Okay, thanks to some despicable behavior by the self-styled “moralists,” and millions of Koch brother dollars, Neil Gorsuch is now the newest Supreme Court Justice. So–aside from occupying Merrick Garland’s seat and a worrisome tendency to favor the arguments of corporate and “religious” litigants– what is the worst thing that can happen?

He manages to get Roe v. Wade overturned.

What would happen then?

Several red states would immediately pass laws making abortion illegal, something the Constitution currently prevents. Other states, however, would leave the decision where it belongs– with the woman, her family and her doctor. Women living in states prohibiting abortion– those who could afford it– would travel to states where it remained legal, and would have their abortions there. Others would go back to the remedies available in the “good old days”–coat hangers and dangerous “potions”– and many of them would die or become sterile.

Hopefully, there would be groups formed to raise money to cover the costs of poor women’s travel to states where abortion remained legal. We might expect the war on Planned Parenthood to abate somewhat–or at least devolve to the states– since the national anti-choice movement wouldn’t have Roe to kick around any more.

The political tsunami, however, would be the most interesting consequence of such a decision.

Survey research confirms that substantial majorities of Americans do not want to see Roe overturned. They may or may not support a woman’s choice to terminate her pregnancy, but they are appropriately leery of allowing government to dictate that decision. It is only a rabid anti-choice constituency that has maintained the political potency of reproductive choice as an issue. (I have a sneaking suspicion that most of these folks believe overturning Roe would end abortion in the U.S. It wouldn’t–it would simply leave the issue up to the states.)

Research suggests that anti-choice citizens are far more likely to be single-issue voters than pro-choice Americans. But that could change once a right that has been taken for granted is revoked.
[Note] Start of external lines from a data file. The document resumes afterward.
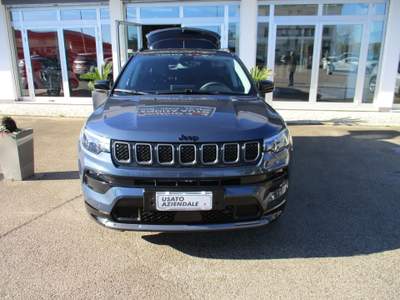 Jeep Compass MHEV 2WD Summit Blu/Azzurro usata Latina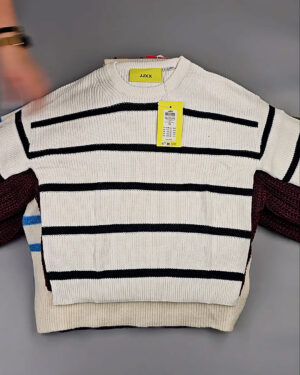 Фотография  417 - Джемпера JJXX 045 #7 кг, ЛОТ СТ-10023 оптом в Екатеринбурге и Свердловской области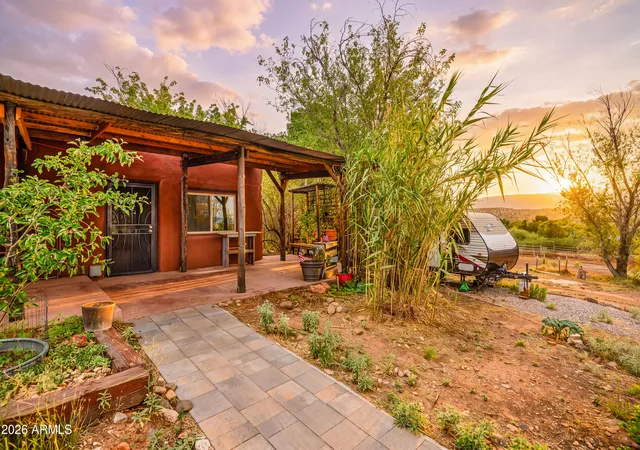 Photo 3 of Single family home for sale at 10145 E Dees Ln, Cornville, AZ 86325 | MLS# 7060491 | Listing updated on 2026-09-21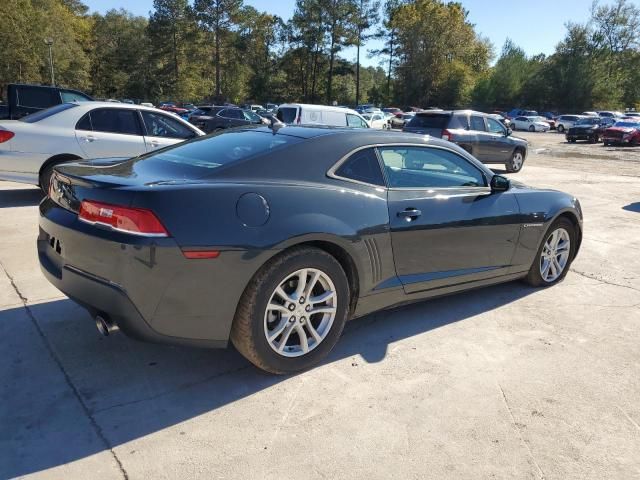 2015 Chevrolet Camaro LS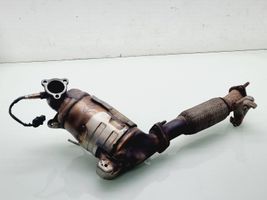 KIA Sorento Katalysaattori/FAP/DPF-hiukkassuodatin CFXM01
Pro-choice voters–especially women, who are already more likely to vote Democratic– would be more than irate; they would blame the GOP for the loss of reproductive liberty, and would be very likely to vote in even greater numbers against a party that so vividly demonstrated its contempt for women’s right to self-determination.
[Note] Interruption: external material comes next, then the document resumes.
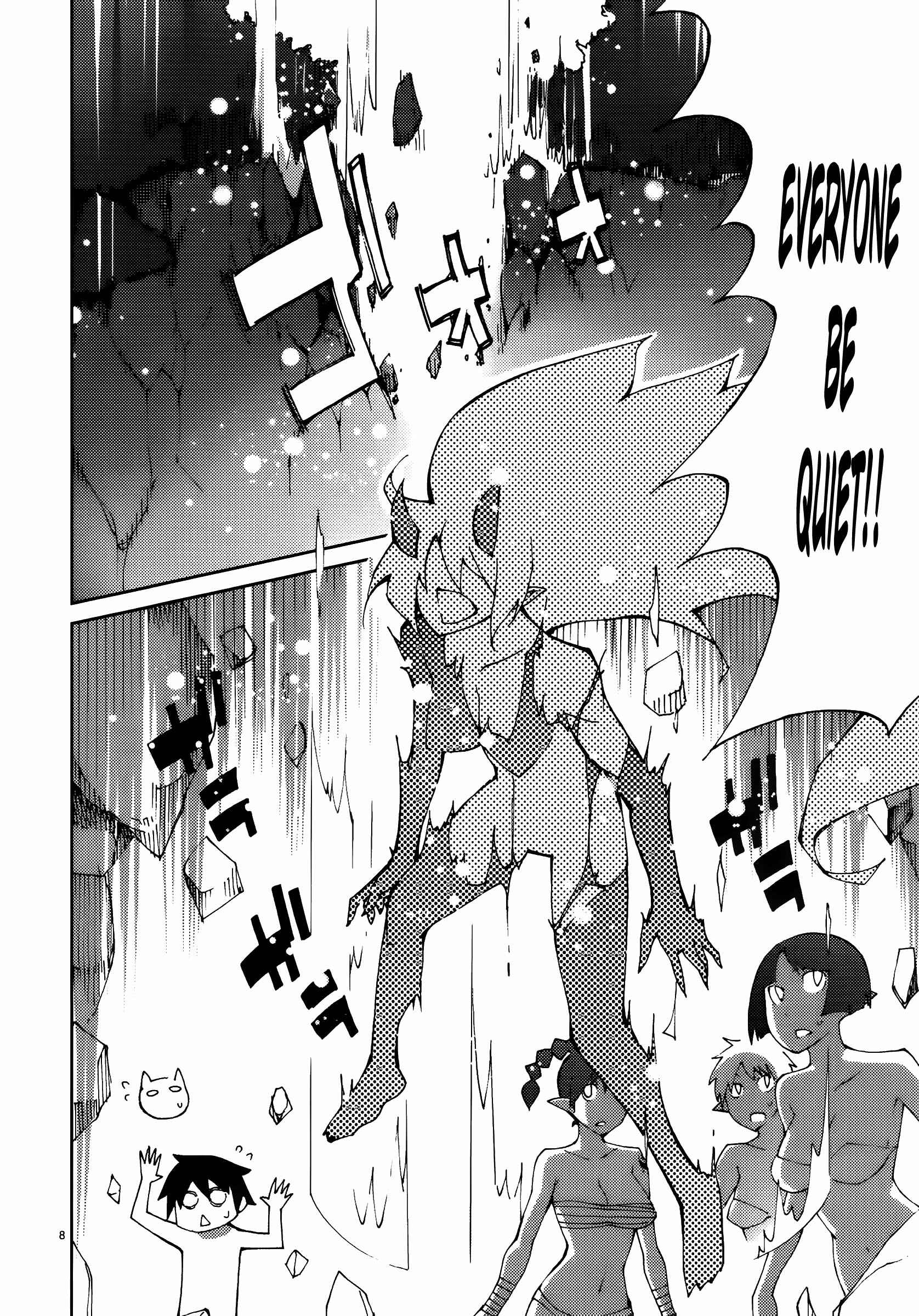 Page 8 Chapter 51 Blade Play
Anyone who participated in the Women’s March on Washington–in the nation’s capital, or in any of the multitude of other venues–and looked out over the sea of “pussy hats,” saw the signs being carried and heard the passionate speeches being made–understands the extent of the fury that would be unleashed by a Supreme Court  retreat from Roe v. Wade. Anti-choice activists have been a (generally marginal albeit important) asset to theocratic Republican candidates, but the pro-choice legions that would erupt after such a Court decision would create political blowback of massive proportions.

The GOP has used the issue of abortion to turn out a relatively small but very intense constituency in election after election.

If Roe is gone, the national GOP will no longer be able to rely on the issue of abortion to generate turnout, or to obscure or outweigh the party’s retrograde positions on other issues. If decisions about the legality of abortion devolve to the state level, the passions will also devolve. Some states will respect women’s right to autonomy, some will not. But in the absence of Roe v. Wade, abortion would lose its potency as a national right-wing wedge issue.

And Democrats would solidify their position as the party protecting and promoting women’s rights.

Republicans should be careful what they wish for.